What to work on:
Go through the material underneath and show every line where the string "Straight" occurs.
◆ ◆ ◆ ◆
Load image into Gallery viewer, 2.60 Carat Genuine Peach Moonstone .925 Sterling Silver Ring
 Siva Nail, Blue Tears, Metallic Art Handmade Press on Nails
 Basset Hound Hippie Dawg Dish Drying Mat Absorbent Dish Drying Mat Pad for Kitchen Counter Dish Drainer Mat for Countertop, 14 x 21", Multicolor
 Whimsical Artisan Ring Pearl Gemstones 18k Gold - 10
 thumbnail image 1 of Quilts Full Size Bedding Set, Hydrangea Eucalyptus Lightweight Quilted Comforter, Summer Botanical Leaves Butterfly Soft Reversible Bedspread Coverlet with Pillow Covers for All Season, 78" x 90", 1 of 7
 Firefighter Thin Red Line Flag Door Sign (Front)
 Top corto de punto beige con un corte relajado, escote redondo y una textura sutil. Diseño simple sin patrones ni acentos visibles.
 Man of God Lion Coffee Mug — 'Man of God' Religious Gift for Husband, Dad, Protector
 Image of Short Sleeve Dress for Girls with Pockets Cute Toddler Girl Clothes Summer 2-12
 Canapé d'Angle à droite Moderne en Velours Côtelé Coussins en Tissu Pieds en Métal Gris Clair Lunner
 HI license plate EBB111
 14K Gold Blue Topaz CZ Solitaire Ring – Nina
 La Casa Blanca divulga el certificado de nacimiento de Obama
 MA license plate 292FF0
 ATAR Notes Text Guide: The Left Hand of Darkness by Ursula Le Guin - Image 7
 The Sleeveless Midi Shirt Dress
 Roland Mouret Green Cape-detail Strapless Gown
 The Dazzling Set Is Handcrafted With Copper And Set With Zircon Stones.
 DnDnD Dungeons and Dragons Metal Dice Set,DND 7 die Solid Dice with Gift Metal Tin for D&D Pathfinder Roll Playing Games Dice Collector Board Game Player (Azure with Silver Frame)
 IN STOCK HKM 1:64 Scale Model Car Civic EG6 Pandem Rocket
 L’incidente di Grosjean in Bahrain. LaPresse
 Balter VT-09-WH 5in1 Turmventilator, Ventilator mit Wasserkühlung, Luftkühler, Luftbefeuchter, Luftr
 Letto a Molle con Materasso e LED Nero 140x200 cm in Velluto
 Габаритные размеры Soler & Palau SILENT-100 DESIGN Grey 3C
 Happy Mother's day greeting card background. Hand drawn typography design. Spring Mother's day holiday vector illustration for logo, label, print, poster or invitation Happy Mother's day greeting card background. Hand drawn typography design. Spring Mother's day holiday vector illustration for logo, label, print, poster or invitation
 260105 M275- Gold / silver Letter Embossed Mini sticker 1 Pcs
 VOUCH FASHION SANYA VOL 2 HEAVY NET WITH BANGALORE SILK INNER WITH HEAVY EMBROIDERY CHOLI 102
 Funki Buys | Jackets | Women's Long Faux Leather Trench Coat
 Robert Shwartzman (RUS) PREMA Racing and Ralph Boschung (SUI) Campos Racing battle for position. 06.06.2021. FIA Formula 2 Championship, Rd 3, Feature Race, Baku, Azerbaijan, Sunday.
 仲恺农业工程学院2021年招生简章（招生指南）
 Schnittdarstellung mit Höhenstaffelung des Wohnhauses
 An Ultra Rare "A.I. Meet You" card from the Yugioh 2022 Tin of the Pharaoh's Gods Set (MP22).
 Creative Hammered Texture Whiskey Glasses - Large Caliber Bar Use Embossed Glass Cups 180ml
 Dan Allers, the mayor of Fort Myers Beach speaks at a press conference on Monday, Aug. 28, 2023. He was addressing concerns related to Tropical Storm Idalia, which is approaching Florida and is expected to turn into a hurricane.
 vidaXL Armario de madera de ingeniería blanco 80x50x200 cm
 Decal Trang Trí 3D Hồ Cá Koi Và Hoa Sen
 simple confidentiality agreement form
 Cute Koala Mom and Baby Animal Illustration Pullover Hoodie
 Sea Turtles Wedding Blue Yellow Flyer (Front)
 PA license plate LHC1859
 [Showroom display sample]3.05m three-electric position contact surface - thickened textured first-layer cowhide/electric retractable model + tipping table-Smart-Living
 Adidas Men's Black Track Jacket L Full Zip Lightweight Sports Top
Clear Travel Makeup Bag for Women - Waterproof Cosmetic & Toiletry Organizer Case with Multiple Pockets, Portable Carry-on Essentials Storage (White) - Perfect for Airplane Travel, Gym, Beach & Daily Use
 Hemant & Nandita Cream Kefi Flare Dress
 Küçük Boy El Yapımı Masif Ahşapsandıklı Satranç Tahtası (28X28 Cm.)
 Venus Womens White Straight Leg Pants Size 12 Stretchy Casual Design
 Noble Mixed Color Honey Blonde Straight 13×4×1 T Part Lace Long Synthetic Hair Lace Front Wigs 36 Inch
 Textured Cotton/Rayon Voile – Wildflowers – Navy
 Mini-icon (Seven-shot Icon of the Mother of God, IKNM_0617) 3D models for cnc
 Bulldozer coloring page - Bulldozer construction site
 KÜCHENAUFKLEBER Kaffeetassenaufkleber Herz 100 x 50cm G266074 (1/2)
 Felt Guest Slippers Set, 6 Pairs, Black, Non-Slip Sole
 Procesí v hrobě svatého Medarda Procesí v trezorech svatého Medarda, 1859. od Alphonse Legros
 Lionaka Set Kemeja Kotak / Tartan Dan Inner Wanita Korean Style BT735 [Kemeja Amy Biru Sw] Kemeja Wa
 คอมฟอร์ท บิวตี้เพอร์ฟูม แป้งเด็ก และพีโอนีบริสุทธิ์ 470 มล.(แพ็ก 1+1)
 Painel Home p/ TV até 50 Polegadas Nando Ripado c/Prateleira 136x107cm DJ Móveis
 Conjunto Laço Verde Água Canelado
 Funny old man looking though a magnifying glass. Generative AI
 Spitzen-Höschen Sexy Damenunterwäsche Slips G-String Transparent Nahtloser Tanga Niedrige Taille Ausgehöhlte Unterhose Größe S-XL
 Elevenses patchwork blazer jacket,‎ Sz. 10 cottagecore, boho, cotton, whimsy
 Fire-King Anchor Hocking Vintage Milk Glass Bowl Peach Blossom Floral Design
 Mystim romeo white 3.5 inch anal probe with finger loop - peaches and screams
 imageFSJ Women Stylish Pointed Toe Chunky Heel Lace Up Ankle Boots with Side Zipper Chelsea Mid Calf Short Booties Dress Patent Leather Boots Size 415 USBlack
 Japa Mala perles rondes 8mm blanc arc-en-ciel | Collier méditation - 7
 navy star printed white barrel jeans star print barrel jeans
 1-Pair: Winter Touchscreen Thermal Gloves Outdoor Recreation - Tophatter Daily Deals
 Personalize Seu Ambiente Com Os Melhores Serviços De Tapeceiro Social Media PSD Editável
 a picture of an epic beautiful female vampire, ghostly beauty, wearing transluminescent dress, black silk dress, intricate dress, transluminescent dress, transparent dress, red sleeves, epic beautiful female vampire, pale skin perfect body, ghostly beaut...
◆ ◆ ◆ ◆
Response:
 Venus Womens White Straight Leg Pants Size 12 Stretchy Casual Design
 Noble Mixed Color Honey Blonde Straight 13×4×1 T Part Lace Long Synthetic Hair Lace Front Wigs 36 Inch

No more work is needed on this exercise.